Pas de doute, les promesses de baisses d’impôts sont séduisantes pour les électeurs. Après tout, le poids de la fiscalité est très lourd au Québec. Plus lourd qu’il ne l’a jamais été en 20 ans. Plus lourd que n’importe où ailleurs en Amérique du Nord.

Si on doit alléger ce fardeau, commençons par réduire l’impôt des particuliers qui est plus nocif, car il décourage le travail, plutôt que de diminuer les taxes, en particulier celles sur l’essence, ce qui irait à l’encontre de la lutte contre le réchauffement climatique.

Sauf que dans le contexte actuel, avons-nous vraiment les moyens de baisser les impôts ?

Il est vrai que les finances publiques de la province se relèvent de la pandémie mieux que prévu… grâce à l’inflation ! À court terme, la hausse des prix amène plus de revenus dans les coffres de l’État.
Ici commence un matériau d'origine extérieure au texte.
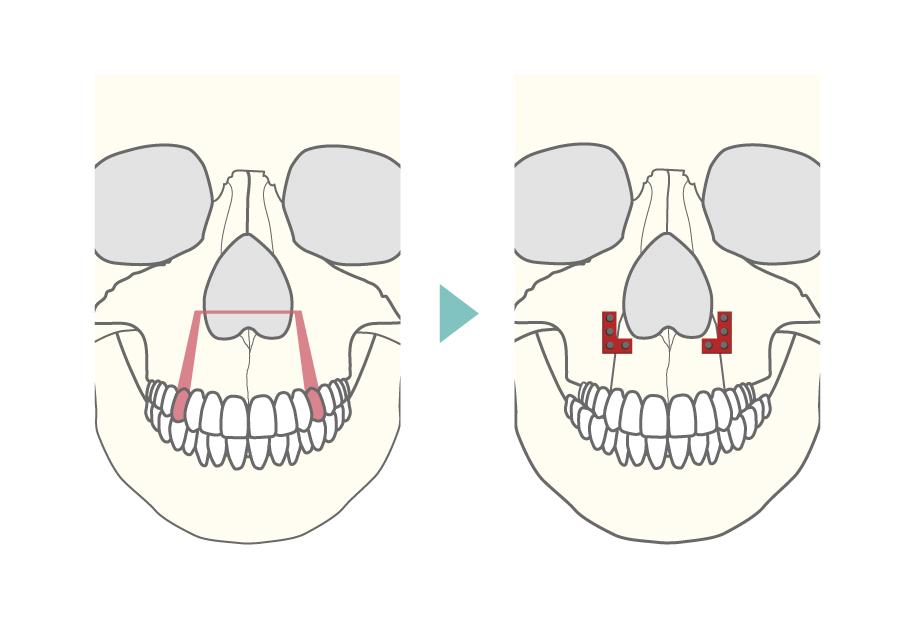 上顎分節骨切り術式の正面からのイメージ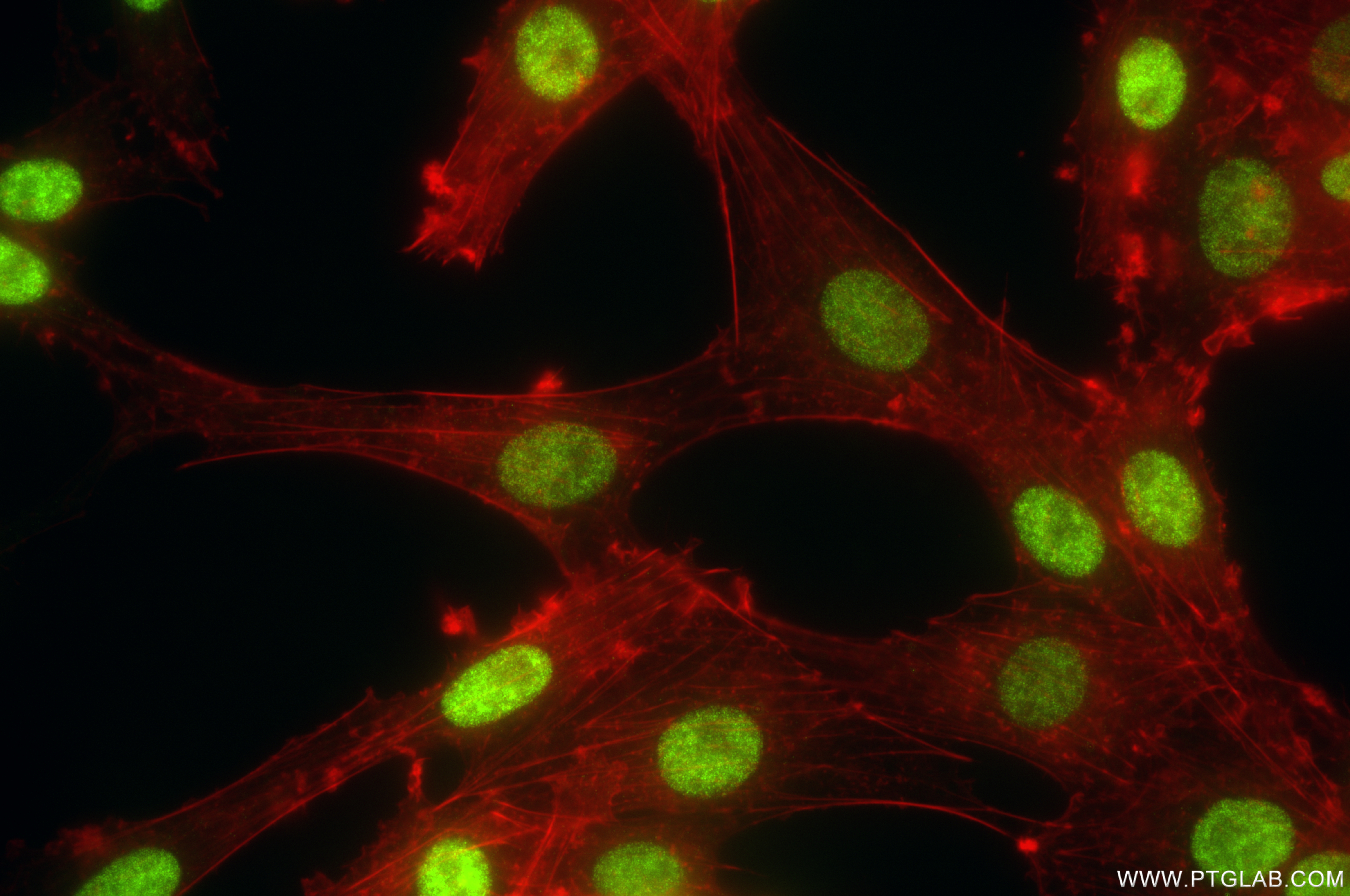IF Staining of C6 using 85930-1-RR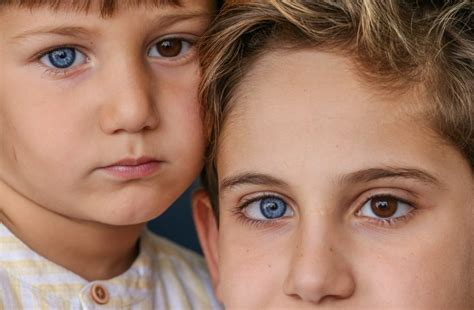 Flipboard Amazing Pictures Of Brothers Both Born With One Brown Eye And One Blue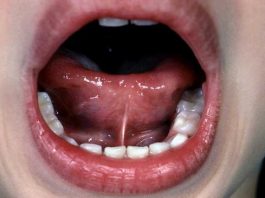 Dil bağı (ankiloglossi) hastalığı nedir? Belirtileri ve tedavisi nasıldır?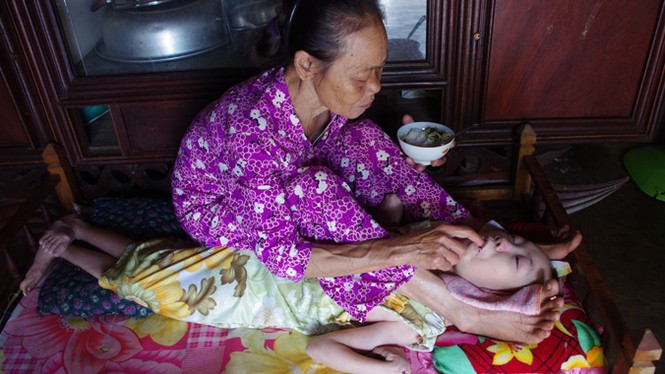 Mẹ già yếu nuôi con tật nguyền - ảnh 1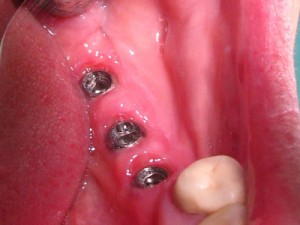 Foto: A condição da mucosa no pós-operatório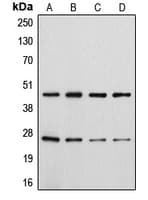 CD28 Antibody (phospho-Tyr218)
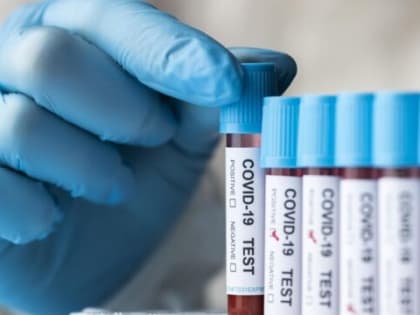 В Роспотребнадзоре рассказали о прививках от коронавируса в этом сезоне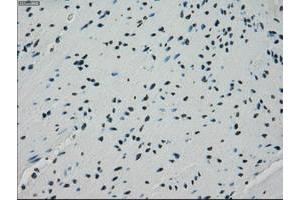 Image no. 5 for anti-Crystallin, alpha B (CRYAB) antibody (ABIN1497641) (CRYAB antibody)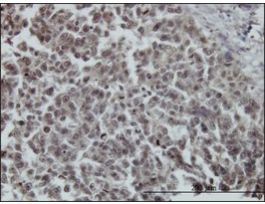 ANTI-FOXO3A antibody produced in mouseclone 4E8, purified immunoglobulin, buffered aqueous solution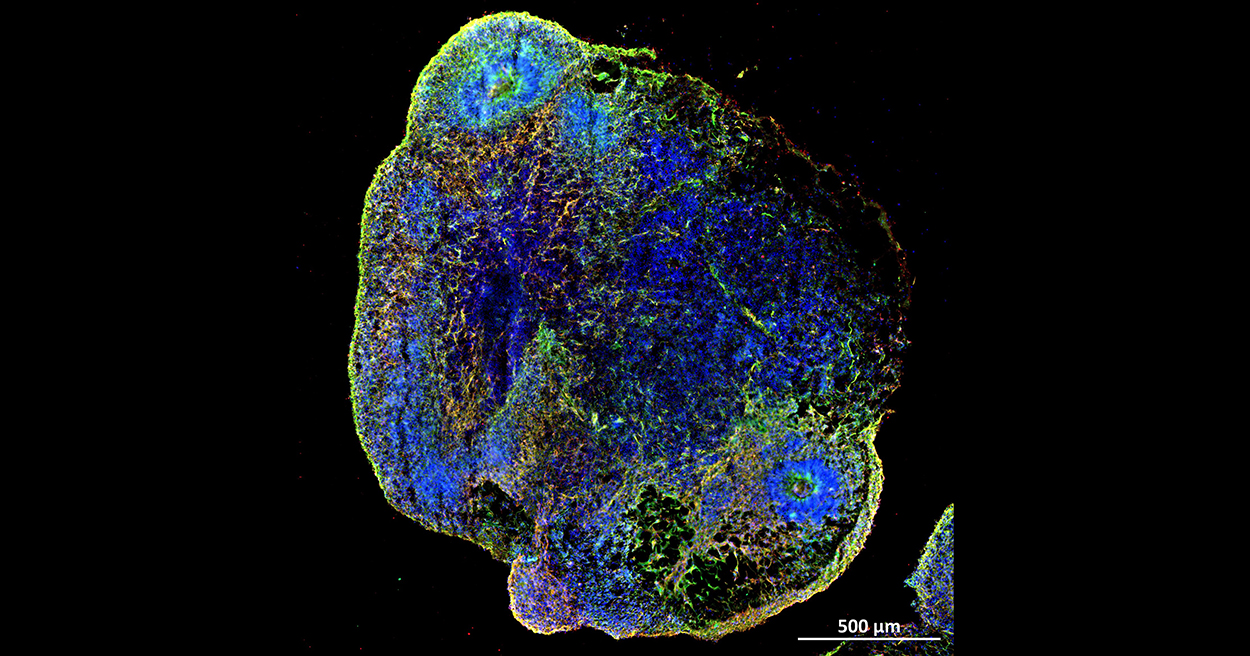 Researchers at UQ's Australian Institute for Bioengineering and Nanotechnology used synthetic brain organoid models, grown in a laboratory from human stem cells, to explore ways of turning back the ageing affect of COVID-19. 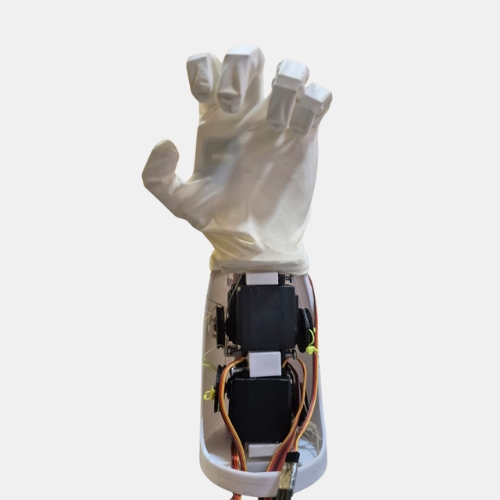 AI Prosthetic Hand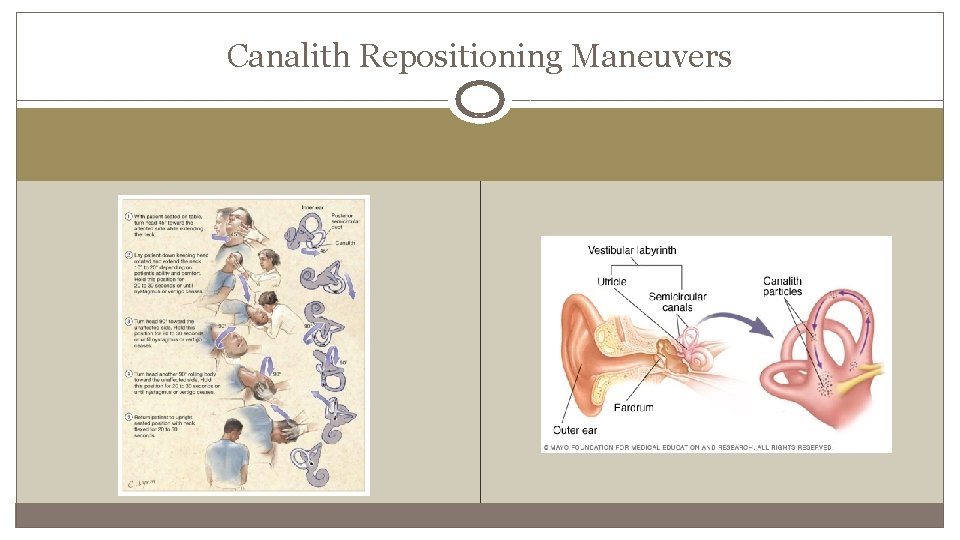 Canalith Repositioning Maneuvers 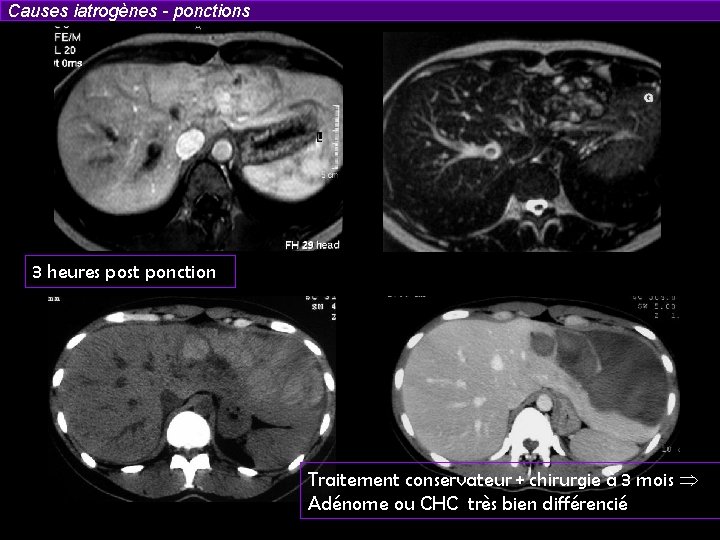 Causes iatrogènes - ponctions 3 heures post ponction Traitement conservateur + chirurgie à 3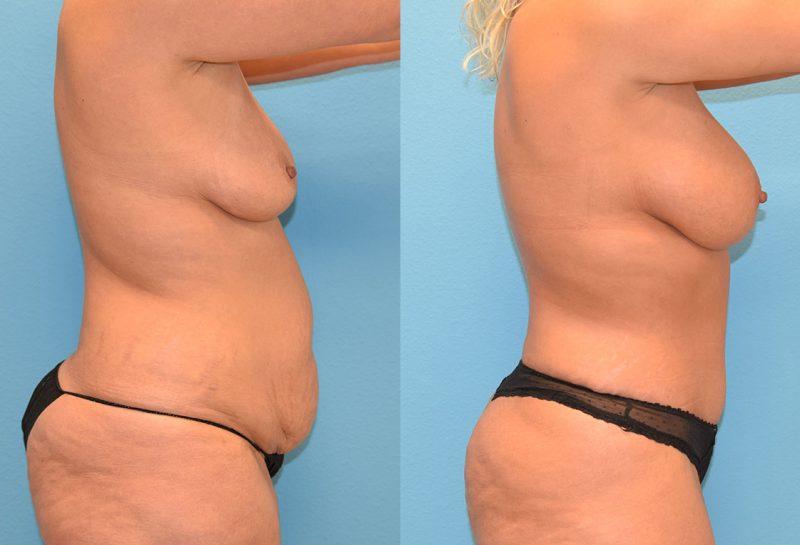 Mommy Makeover, tummy tuck and a breast augmentation with a lift, results by Dr. Maningas at Maningas Cosmetic Surgery in Joplin, MO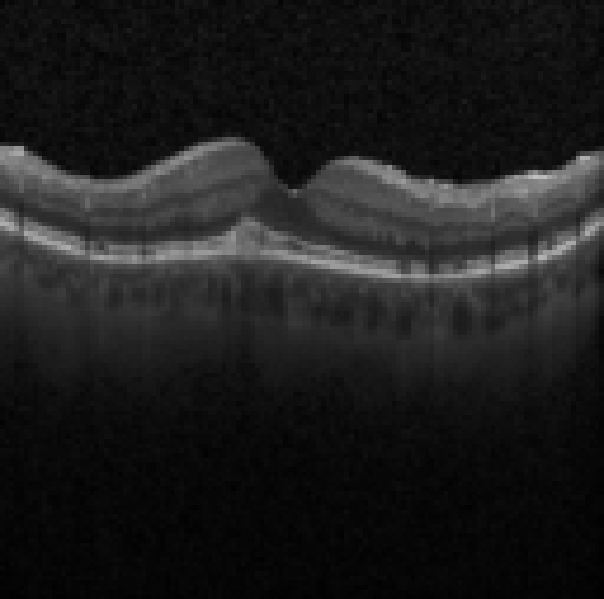 oct macula study, the diagnosis is hidden until you answer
Mais attendez un peu ! Les coûts viendront ensuite, quand il faudra négocier les salaires des employés à la hausse. Ou quand l’augmentation des taux d’intérêt fera grimper le service de la dette : chaque hausse de 1 % des taux représente un coût additionnel de 553 millions de dollars par année.

Même si les finances publiques vont mieux que prévu, le Québec accuse encore un déficit qui pourrait empirer en cas de récession. Les politiciens doivent donc y penser à deux fois avant de promettre des baisses d’impôt à crédit alors que nos services publics sont déjà lourdement hypothéqués.

Ce n’est pas parce qu’il y a une éclaircie au-dessus de nos têtes qu’il faut partir faire un tour de bateau en ignorant les nuages noirs à l’horizon.